On Tuesday, March 5, 2019, Representative Byrd filed Florida House Bill 1399 (HB1399). The House of Representatives website reflects that there are no "related bills" filed at this time. In Florida, passage of a law depends upon there being both a House and a Senate bill. Though this bill is not "related to" Senate Bill 1636 (SB1636)(discussed last week in Senate Bill 1636 Filed), either bill could potentially be amended to conform with the other, or some compromise amendment to Florida workers' compensation could be substituted for the current provisions of both of these bills.
HB1399 amends the definition of "specificity" in section 440.02(40), Fla. Stat. This would require:
"for each requested benefit, the specific amount of each requested benefit, the calculation used for computing the specific amount of each requested benefit."
That is similar to the language in SB1636. It is also consistent with other amendments in the bill, regarding the filing of a petition for benefits.
HB1399 adds language to the restriction on "provider eligibility" to provide medical care in section 440.13(3) Fla. Stat.

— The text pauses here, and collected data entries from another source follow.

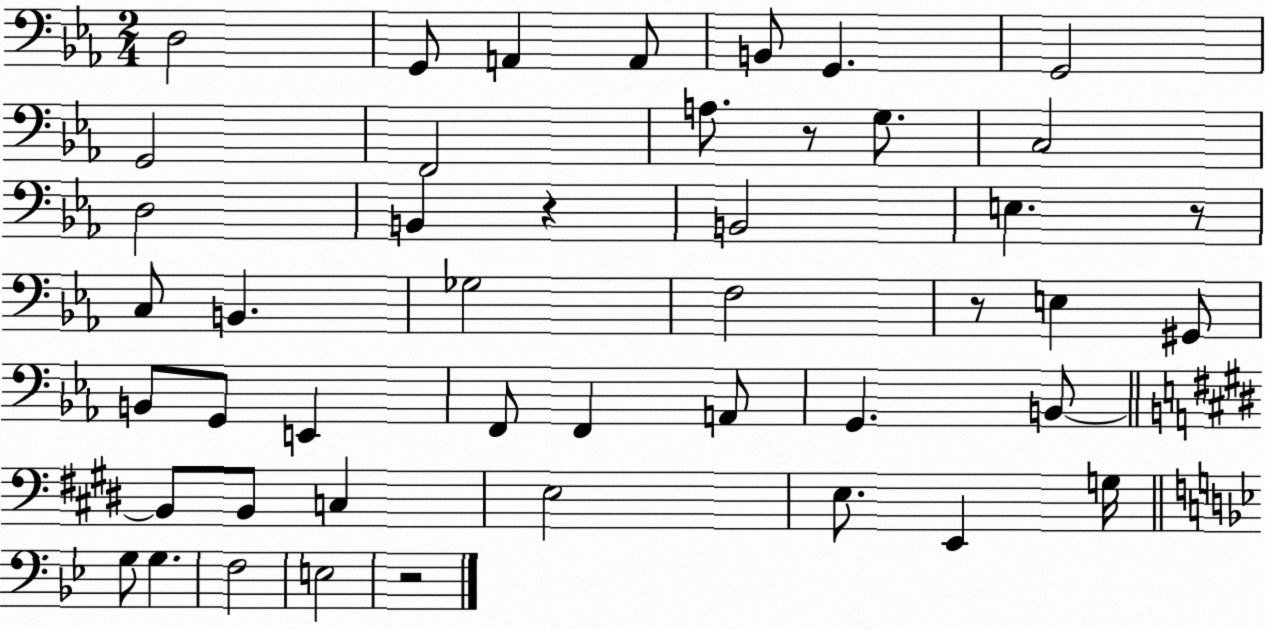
X:1
T:Untitled
M:2/4
L:1/4
K:Eb
D,2 G,,/2 A,, A,,/2 B,,/2 G,, G,,2 G,,2 F,,2 A,/2 z/2 G,/2 C,2 D,2 B,, z B,,2 E, z/2 C,/2 B,, _G,2 F,2 z/2 E, ^G,,/2 B,,/2 G,,/2 E,, F,,/2 F,, A,,/2 G,, B,,/2 B,,/2 B,,/2 C, E,2 E,/2 E,, G,/4 G,/2 G, F,2 E,2 z2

That currently requires prior authorization from "the carrier." The amendment would add:
"However, a carrier's authorization of a physician that includes the provision of palliative care also authorizes the provision of such care by health care providers affiliated with the authorized physician."

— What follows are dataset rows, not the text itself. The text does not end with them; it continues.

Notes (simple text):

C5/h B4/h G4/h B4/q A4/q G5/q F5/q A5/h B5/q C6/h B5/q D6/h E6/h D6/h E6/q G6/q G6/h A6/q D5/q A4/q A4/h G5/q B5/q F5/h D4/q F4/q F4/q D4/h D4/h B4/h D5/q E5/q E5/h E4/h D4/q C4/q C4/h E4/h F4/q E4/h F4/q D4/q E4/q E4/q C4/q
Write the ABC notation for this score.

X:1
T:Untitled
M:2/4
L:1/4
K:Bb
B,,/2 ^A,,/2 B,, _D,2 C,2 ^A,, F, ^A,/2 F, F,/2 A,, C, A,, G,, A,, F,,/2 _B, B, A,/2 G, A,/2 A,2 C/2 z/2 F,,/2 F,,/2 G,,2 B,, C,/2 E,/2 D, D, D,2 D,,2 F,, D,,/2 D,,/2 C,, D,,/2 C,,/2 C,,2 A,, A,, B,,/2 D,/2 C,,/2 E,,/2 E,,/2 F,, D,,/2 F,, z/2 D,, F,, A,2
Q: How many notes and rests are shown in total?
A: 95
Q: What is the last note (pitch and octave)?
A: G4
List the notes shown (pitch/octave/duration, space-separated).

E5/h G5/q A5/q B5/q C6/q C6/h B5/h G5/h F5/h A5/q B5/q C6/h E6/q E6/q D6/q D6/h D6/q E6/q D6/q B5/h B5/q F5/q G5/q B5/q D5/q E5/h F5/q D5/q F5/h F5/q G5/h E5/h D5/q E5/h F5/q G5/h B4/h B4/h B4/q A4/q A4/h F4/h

Furthermore, the current exception ("this paragraph does not apply to emergency care") is clarified:
"2. The requirements in this paragraph for a health care provider to receive authorization before providing treatment do not apply to emergency care."
HB 1399 adds a "deemed" authorization provision in section 440.13(3)(c)2. Fla. Stat. for:
"Testing or treatment under an authorized physician's referral for diagnostic testing or palliative care, including the provision of prescribed medical supplies or durable medical equipment with a reimbursable value of less than $500"
This care would be "deemed authorized," but would have to also "be reported to the carrier."
HB1399 makes various changes to section 440.13, Fla. Stat. SB1636 does not change that section.
Currently, section 440.13(3)(d) Fla. Stat. requires a carrier to "respond" to a request for care from an authorized provider within three business days. HB1399 would remove the "respond" requirement and instead require the carrier to "authorize or deny . . . or inform the health care provider of material deficiencies that prevent authorization or denial" within that three business day period. A similar change ("authorize," "deny," or "inform . . . of deficiencies") would be added to section 440.13(3)(i) Fla. Stat. affording 10 days carriers have to respond to provider requests for authorization for services or tests which cost more than $1,000.00.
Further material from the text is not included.